• What you have to do:
For this exercise, return only the lines in the records below from the one holding "A wall of green and white barrels." through the one holding "Puede incluir: Un", including both, exactly as they appear and without pictures.

• Data items:

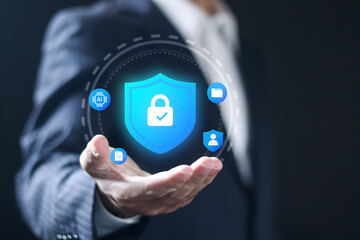 Data protection and privacy concept, Data security technology. Businessman showing cybersecurity shield icon on virtual screen.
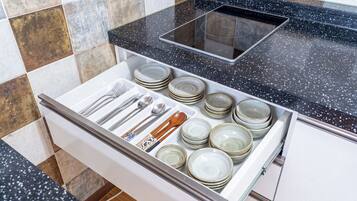 A kitchen drawer with neatly organized utensils and plates.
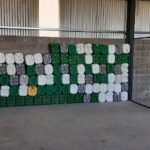 A wall of green and white barrels.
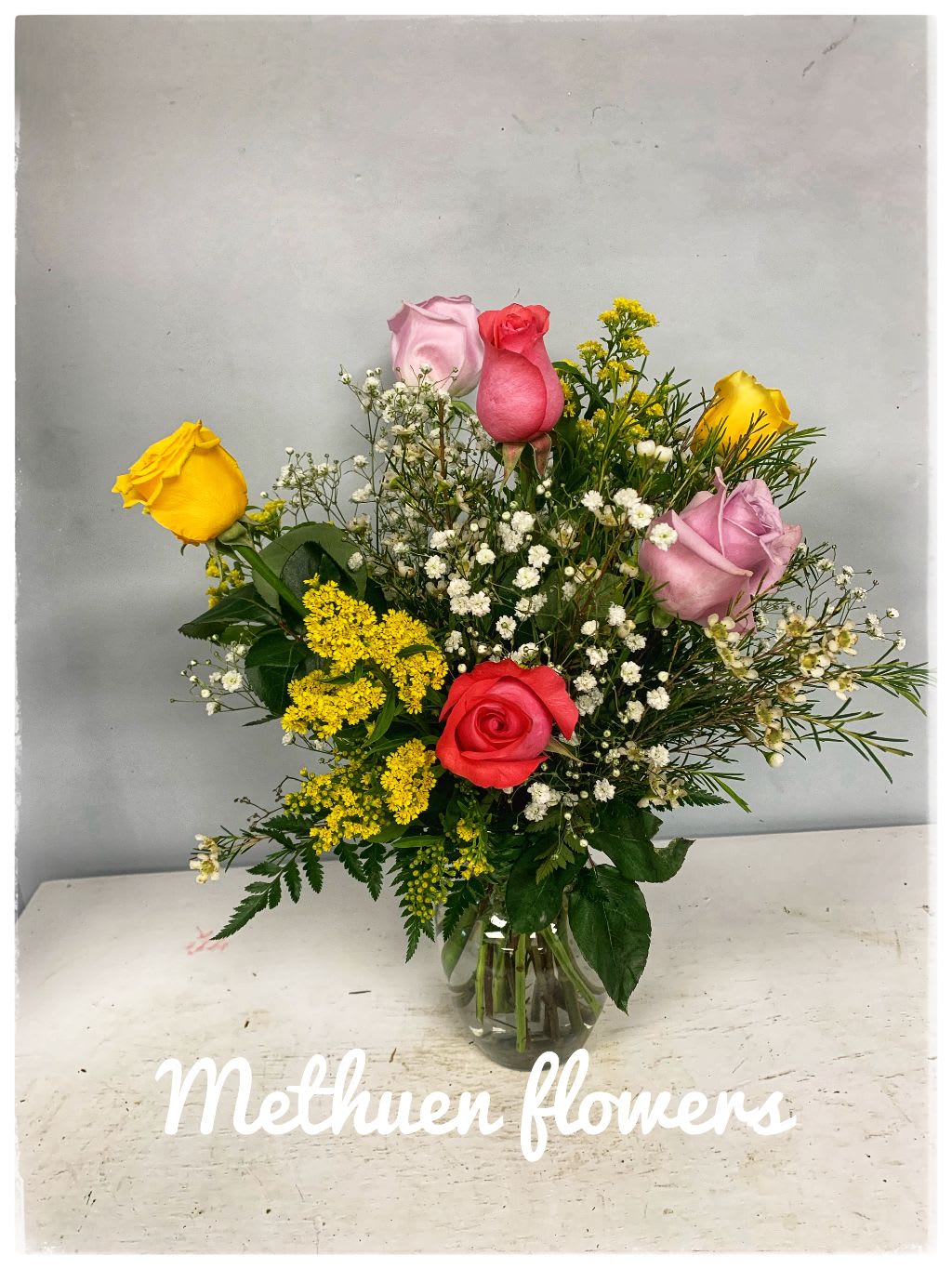 Six Lovely assorted Roses - Six assorted roses with fillers and greens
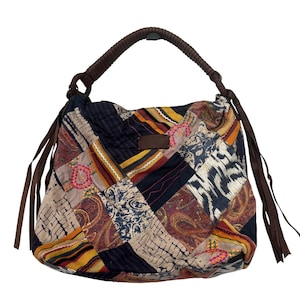 Puede incluir: Un bolso tipo hobo con diseño de patchwork que presenta varios patrones de tela en tonos azul marino, amarillo mostaza, marrón y crema. El bolso incluye un asa trenzada marrón, borlas laterales de cuero marrón y un parche de cuero marrón.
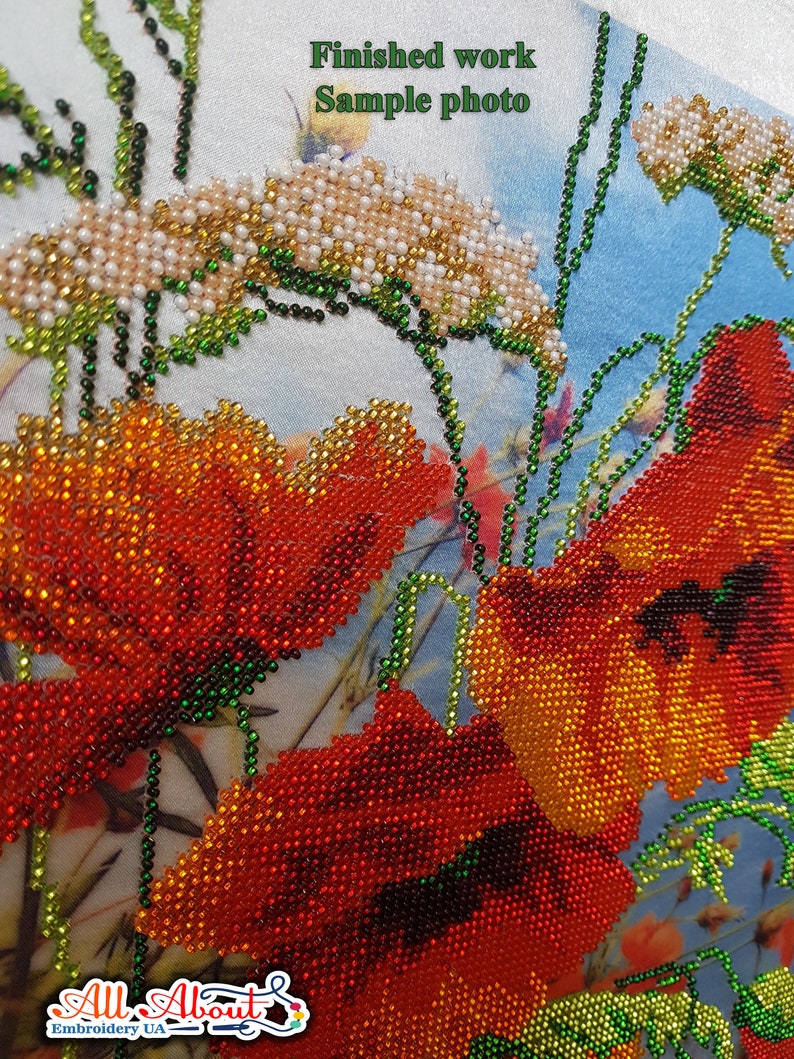 May include: Close-up of a beaded embroidery design featuring red poppies with green stems and leaves. The background is a light blue fabric with white flowers.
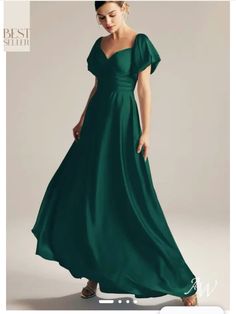 a woman in a long green dress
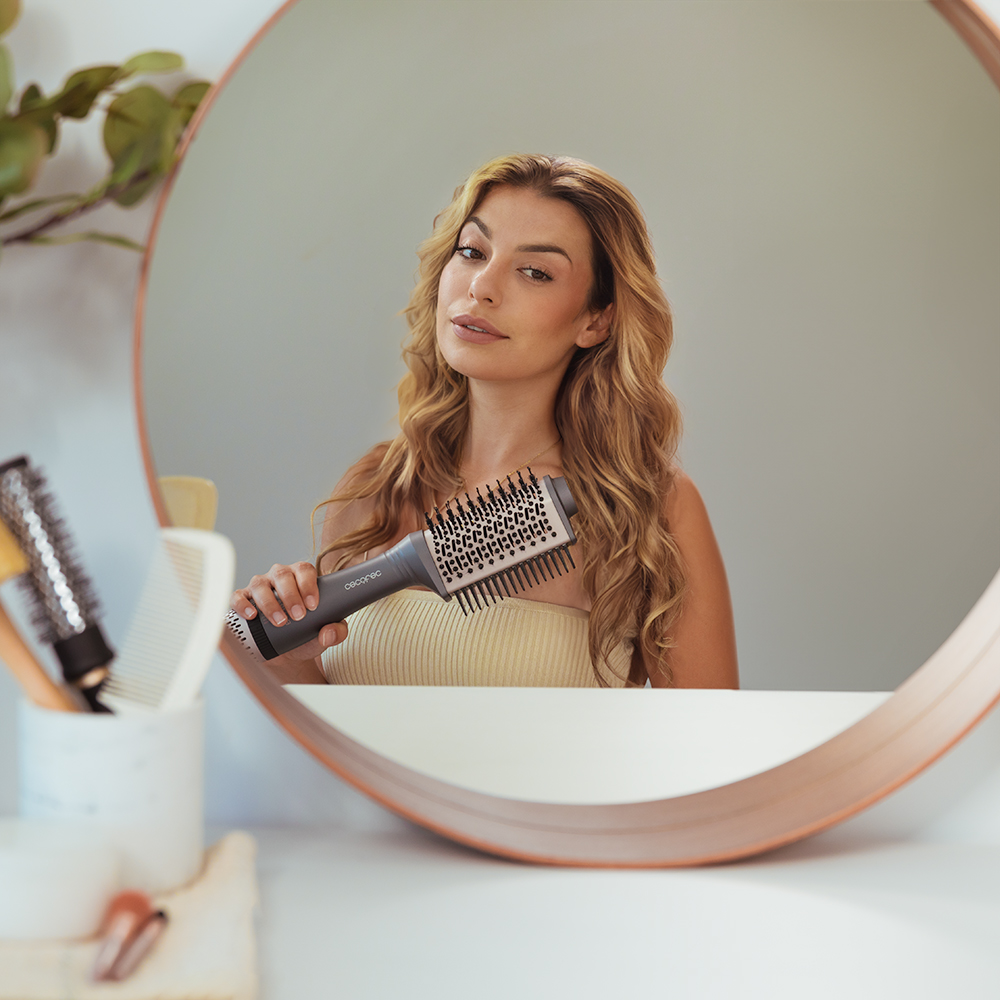 Mujer con cabello ondulado sosteniendo un cepillo para peinar el cabello frente a un espejo. Otros cepillos y vegetación son visibles.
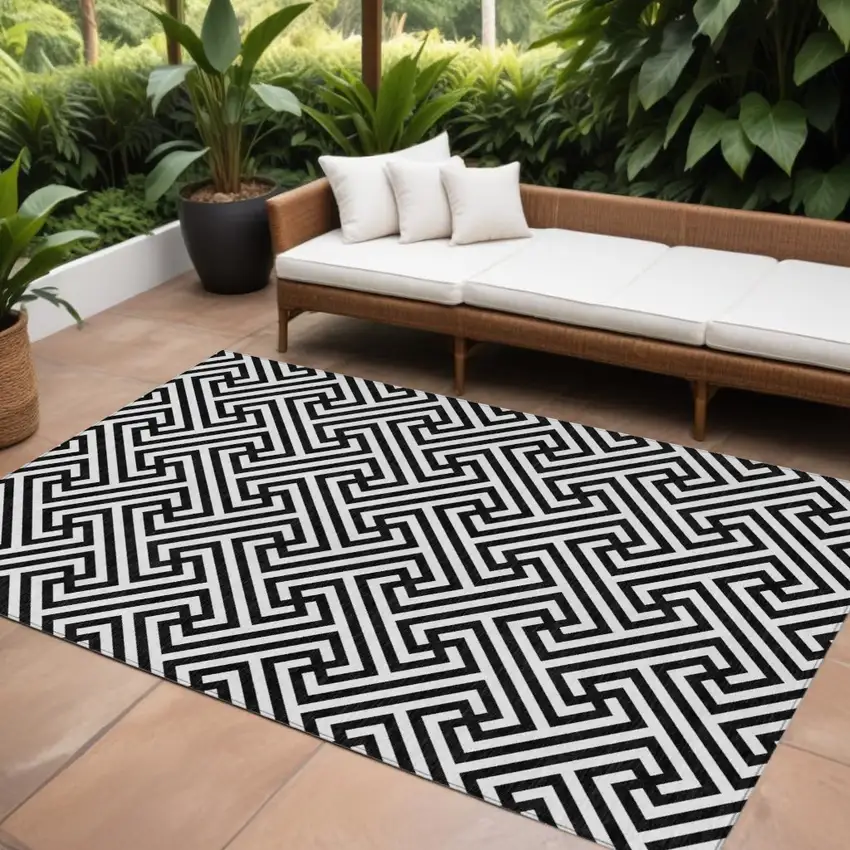Black And Ivory Geometric Washable Indoor Outdoor Area Rug Photo 1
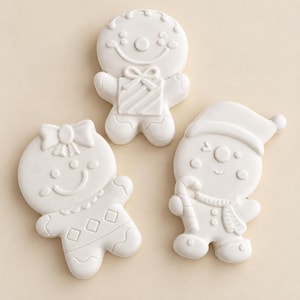 May include: Three white, unpainted ceramic gingerbread-style figures. One figure features a bow on its head, another holds a gift, and the third wears a hat and scarf while holding a candy cane. Each figure has embossed facial and clothing details.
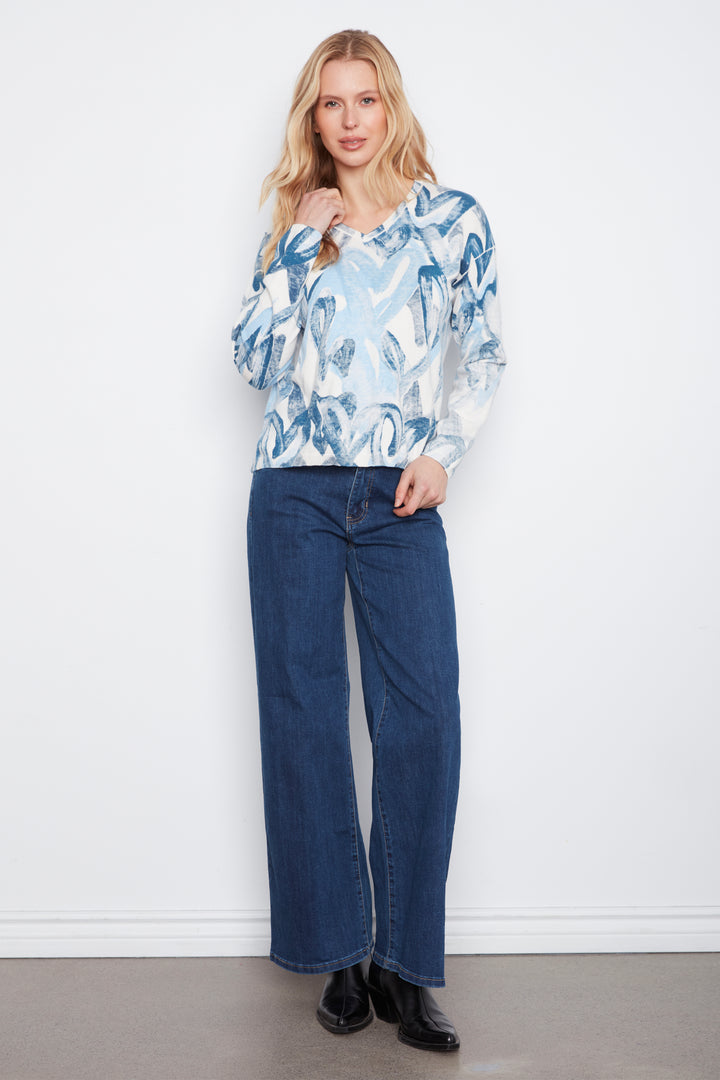 A woman stands against a white wall wearing a light blue and white abstract print long-sleeve blouse with dark blue wide-leg jeans and black shoes.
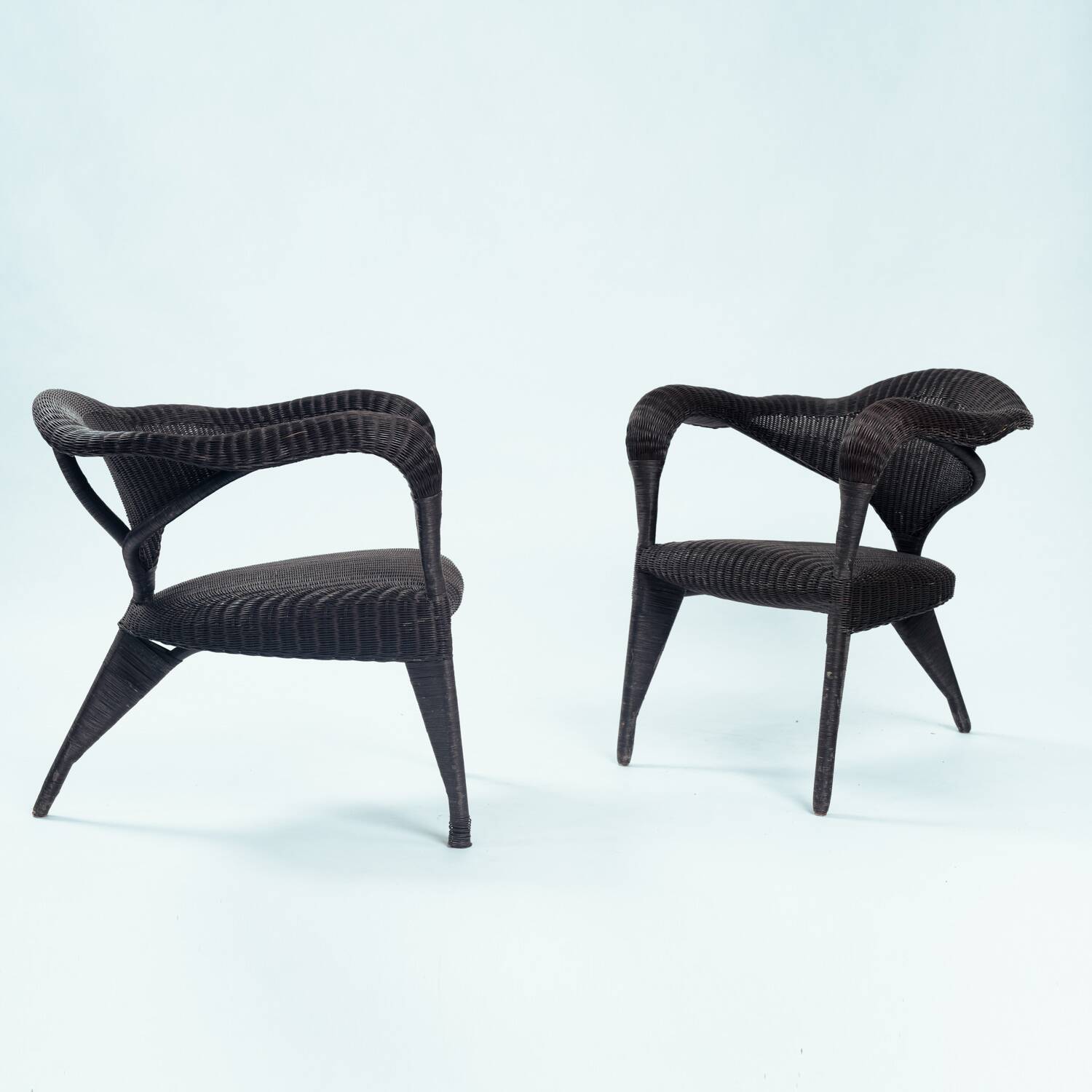 Sculptural rattan tripod armchairs in the manner of Boris Sipek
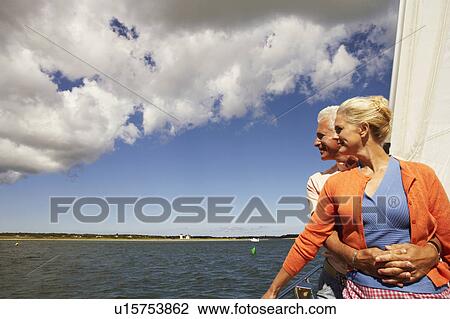 Mature man embracing a mature woman from behind in a sailboat and smiling View Large Photo Image Stock Image - Mature man embracing a mature woman from behind in a sailboat and smiling. Fotosearch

• Written solution:
 A wall of green and white barrels.
 Six Lovely assorted Roses - Six assorted roses with fillers and greens
 Puede incluir: Un bolso tipo hobo con diseño de patchwork que presenta varios patrones de tela en tonos azul marino, amarillo mostaza, marrón y crema. El bolso incluye un asa trenzada marrón, borlas laterales de cuero marrón y un parche de cuero marrón.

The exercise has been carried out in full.